One man's opinion!
Why did
Charlottesville carnage happen? Because we lie to ourselves
BY LEONARD PITTS, JR.
lpitts@miamiherald.com
August 12, 2017 8:10 PM
To my white fellow citizens:
I invite you to consider this scene from Saturday’s riot in
Charlottesville. As reported by The Washington Post,
a group of counter-protesters assembled at a rally of white supremacists in
that Virginia college town and took up a chant, “No Trump! No KKK! No fascist
USA!”
To which one of the white supremacists yelled back, “Too
late, f------!”
At this writing, we are still sorting out all that happened
Saturday at and around the University of Virginia. First reports paint a
frightening picture: Nazis, Klansmen and other benighted citizens of the
extreme right — most said to be white men in their 20s and 30s — shouting the
usual expressions of hate; brawls breaking out between the protesters and
counterprotesters; police, according to some witnesses, standing by. Those
early reports also tell us that a car was driven through a crowd of
counterprotesters, with the result that over a dozen people were injured, at
least one of them fatally.
While it is too soon to know much about this with certainty,
this much is clear. What happened Saturday in Virginia is the bitter and
inevitable fruit of our habit of intellectual dishonesty where race is concerned.

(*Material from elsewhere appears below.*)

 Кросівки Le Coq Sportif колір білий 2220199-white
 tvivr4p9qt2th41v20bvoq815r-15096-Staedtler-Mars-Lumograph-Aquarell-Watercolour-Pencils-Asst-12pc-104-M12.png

The first, such, of course, lay in writing slavery and
racial inferiority into a constitution that supposedly enshrined the equality
of all people before the law. From that day until this one, we have never quite
weaned ourselves of lying to ourselves where race is concerned. Indeed, as the
moral authority of the Civil Rights Movement recedes deeper into memory, as
cable news and social media offer new platforms and broad reach to voices of
acrimony and hate and as facts become “facts” become untruths become lies and
too few of us seem to notice or care, the intellectual dishonesty surrounding
race has become starker, more brazen and more creative than we have seen in
years.
Like when people say that talking about racism is racism.
Or when they babble pious inanities like “racism goes both
ways” and “all lives matter.”
Nor have news media always brought clarity. It was pundits, after all, who kept ascribing Donald Trump’s rise to “economic anxiety” even as his followers were yelling racist, homophobic and anti-Semitic slurs with unbridled glee. And leave us not forget how media have allowed the folks who brought such chaos to Charlottesville to brand themselves under a banal-sounding new euphemism — the “alt-right” — as if they were not the same bunch of mouth-breathing, lowlife racists they always were.
Where race is concerned, intellectual honesty, the
willingness to see and say what is right in front of us, has long been in short
supply. And too many of you — not all, no, but far too many — readily embrace
these implicit lies because you fear the places to which the truth will push
you. But the racial riot and terrorism that just visited Charlottesville and
the emboldened brazenness of the white supremacist movement now that one of
their own has taken the White House, suggest that you no longer have the luxury
of avoidance, at least not if the future of this country matters to you.
I am not unmindful of the young white students who protested
the hate that arrived on their campus Saturday. For that matter, I am not
unmindful of the white people who marched through Charleston after the church
massacre there. I remember James Zwerg, who had his face kicked in, and Viola
Liuozzo and Elijah Lovejoy, who were shot to death for African-American
freedom.
But I am likewise not unmindful that too many of you have
watched with complicit silence and quiet terror of demographic change as voting
rights were abridged, murderous policemen went free, Fox “News” turned your
resentment into ratings and politicians turned your rancor into power.
The result of which erupted Saturday for all the world to
see. Meaning not just the violence and not just the terrorism, but the sense of
victory and vindication embodied in the smug rejoinder of a white supremacist
to a group of people who had come to chant in support of something higher than
bigotry and rage.
“Too late f------!”
Maybe he’s right. Maybe it is.
That’s a decision you’ll have to make.